# Husband is very angry on me, but why?



## Pattiroxxi (May 3, 2014)

Hello, several days i discovered my husband's secret hobby which was frequenting Erotic massage places, where he was getting a shower and a nude massage with extra services from those poor women. I told him that's it. I told him that if he would ever do that it would be the end of our marriage, because i find it disgusting and would not be able to get over it. I told him i am filing for divorce and he jumped and started blaming me for not being able to forget and forgive. How can i forgive years of cheating? this was not just a one night stand. And not just that but when i think of what he was doing with those poor girls i get shivers. I moved out and i am currently living with my parents. What can't he understand? he knew this would happen so why?


----------



## BetrayedAgain7 (Apr 27, 2013)

Most cheaters get angry or resentful when you burst their "love" bubbles.

Take no notice. Move on.


----------



## Blossom Leigh (Mar 27, 2014)

It's called blame shifting

Totally within your realm of laying that boundary... you called that behavior unacceptable... end of story. It is not a behavior you are willing to live with or participate.

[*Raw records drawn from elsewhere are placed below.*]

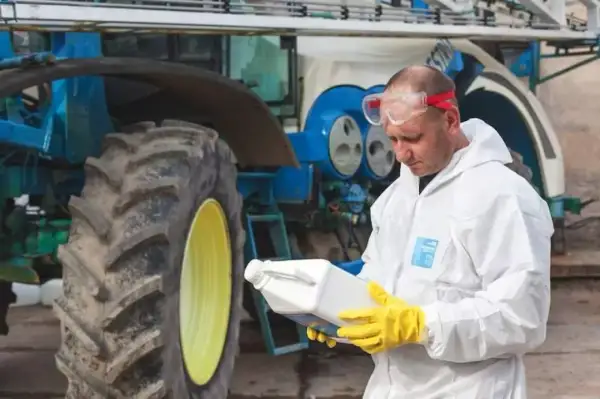 Rolnik w kombinezonie ochronnym i rękawicach trzyma butelkę z preparatem, prawdopodobnie zawierającym difenokonazol, obok traktora.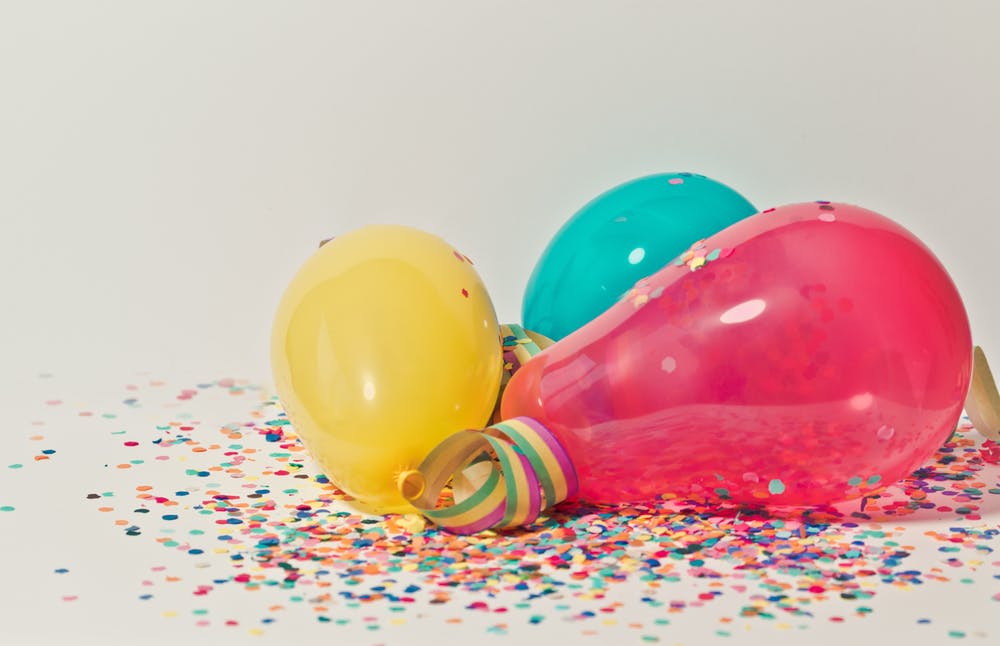 birthday balloons and confetti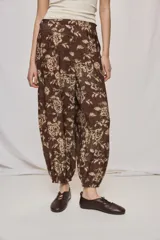 Pantalón de tiro alto y silueta amplia con estampado floral, pinzas en el frente, volumen relajado y terminación elastizada en los tobillos.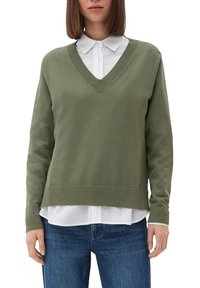 Olijfgroen v-hals sweater van zacht materiaal met geribde manchetten en zoom, gelaagd over een witte blouse, gedragen met blauwe jeans.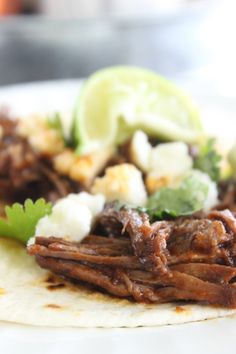 a close up of a tortilla with meat, cheese and cilantro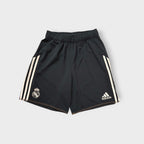 Adidas Real Madrid black sports shorts featuring three white stripes and club crest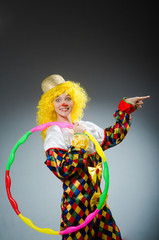 Clown in funny concept on dark background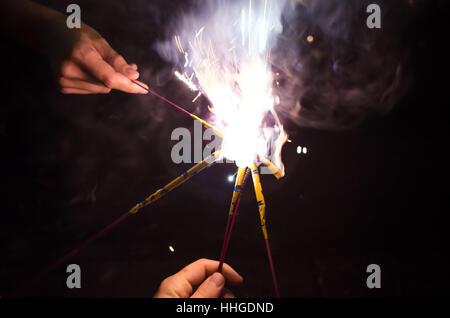 Close-up de mains qui s'unissent pour enflammer les étinceleurs (fireworks) lors d'une soirée de célébration. Banque D'Images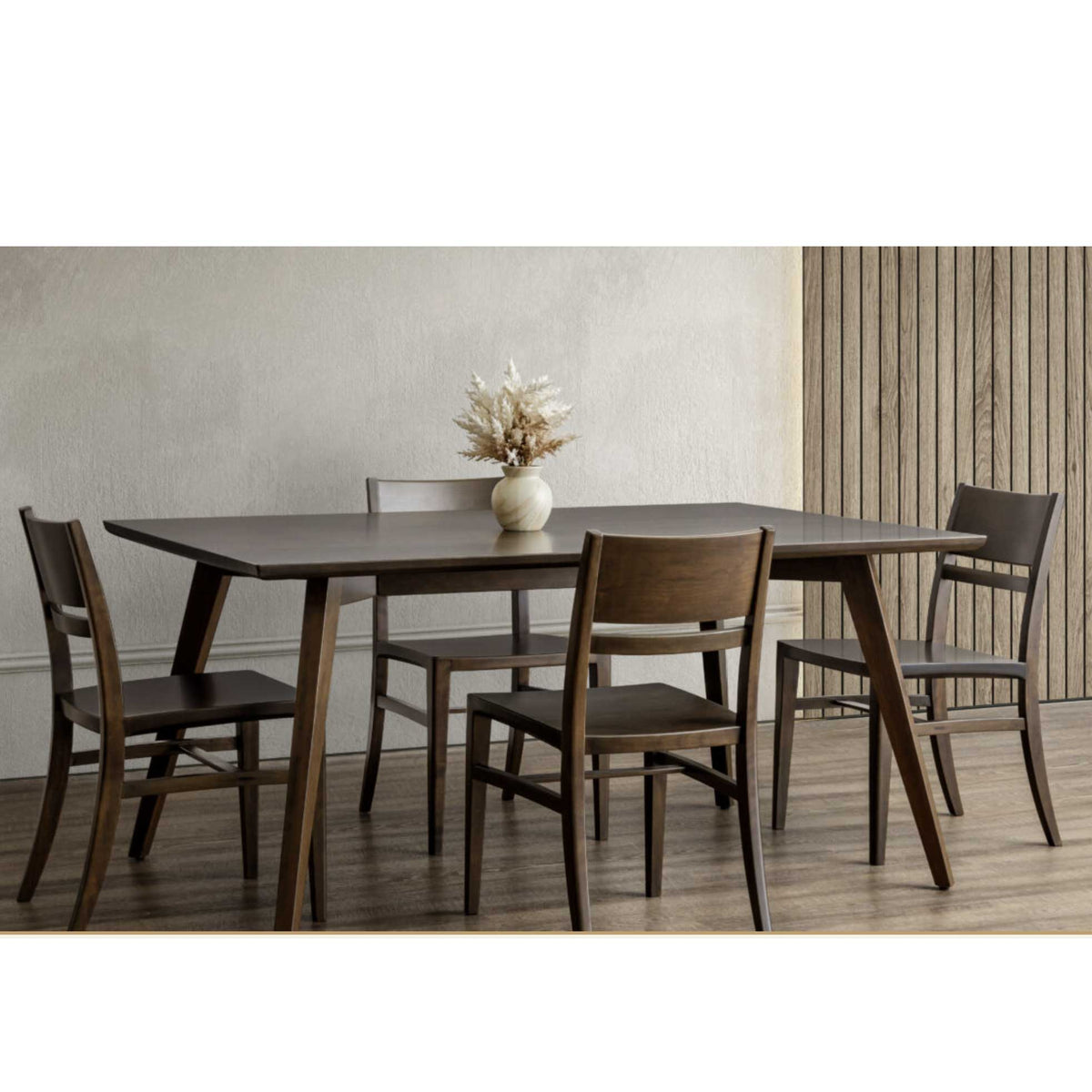 Dark walnut Astoria rectangle dining table with angled tapered legs and four matching chairs in a modern room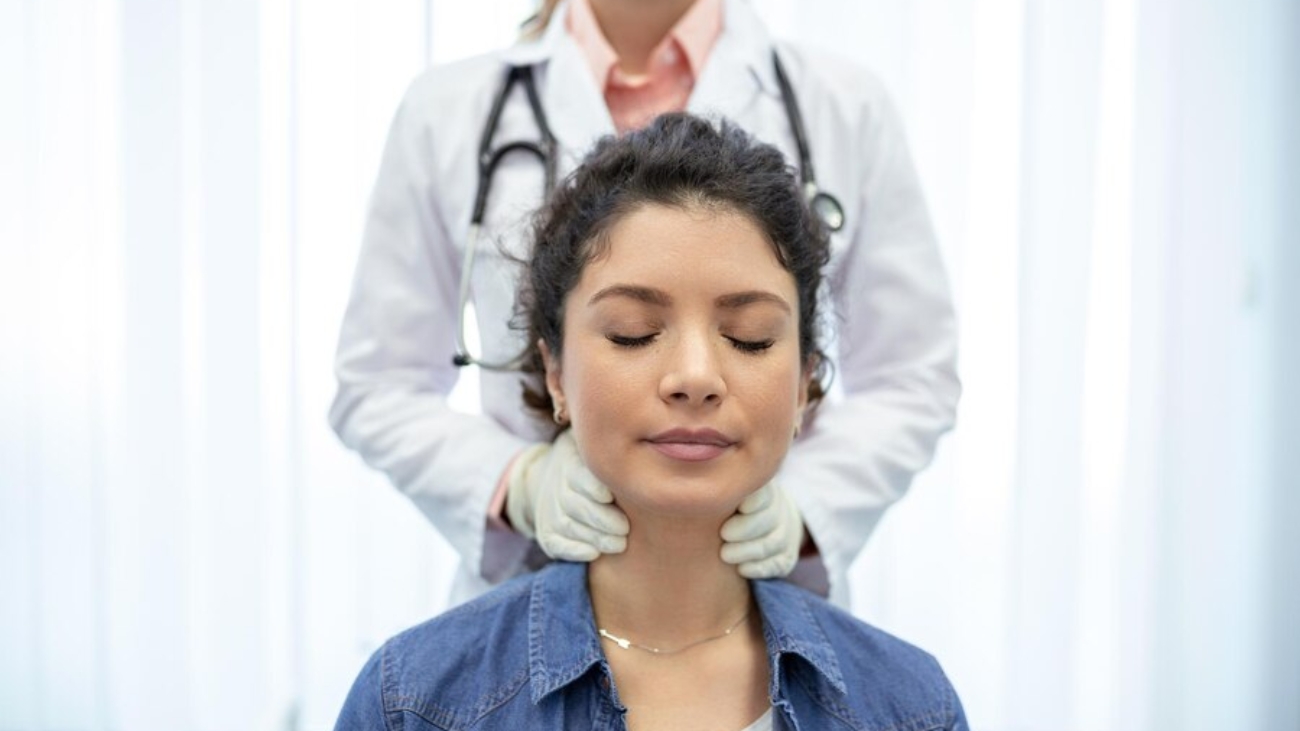 endocrinologo-examinando-garganta-mujer-joven-clinica-mujeres-prueba-glandula-tiroides-hormonas-endocrinologicas-tratamiento-inflamacion-dolor-garganta_1212-5497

He is abusing the concept behind "forgive and forget"... 

Reconciliation involves repentance which is a 180 turn from unacceptable behavior.

He needs a hard dose of reality...


----------



## Blossom Leigh (Mar 27, 2014)

His abuse of "forgive and forget" is an attempt to control you.

When someone uses "Fear, Obligation or Guilt" in order to control you it is called Emotional Blackmail and is abusive.

There is a book called Emotional Blackmail that would help you keep your head above water on this one if you felt you needed it.

Also.. the Out of the Fog website, defines various abusive behaviors.


----------



## Jellybeans (Mar 8, 2011)

This is a standard reaction from someone who has cheated on their spouse.

It is not uncommon at all.


----------



## Pattiroxxi (May 3, 2014)

Jellybeans said:


> This is a standard reaction from someone who has cheated on their spouse.
> 
> It is not uncommon at all.



But he knew what will happen if i will find out, so it's kind of pathetic...


----------



## lenzi (Apr 10, 2012)

Pattiroxxi said:


> But he knew what will happen if i will find out, so it's kind of pathetic...


His priorities are clear.

You need to no longer concern yourself with why he's angry or why he reacts the way he does.


----------



## Thorburn (Nov 23, 2011)

In 1979 I was stationed overseas with the military. My supervisor was stealing mail and selling it on the black market. Everything came through the mail system, so if you ordered bluejeans from say Sears, they came in the mail. We could get $80 to $100 for a pair of Levi's or Wrangler's on the black market. During the court's martial, it was determined that my supervisor had stolen about $300,000 worth of merchandise and made about 2 million dollars.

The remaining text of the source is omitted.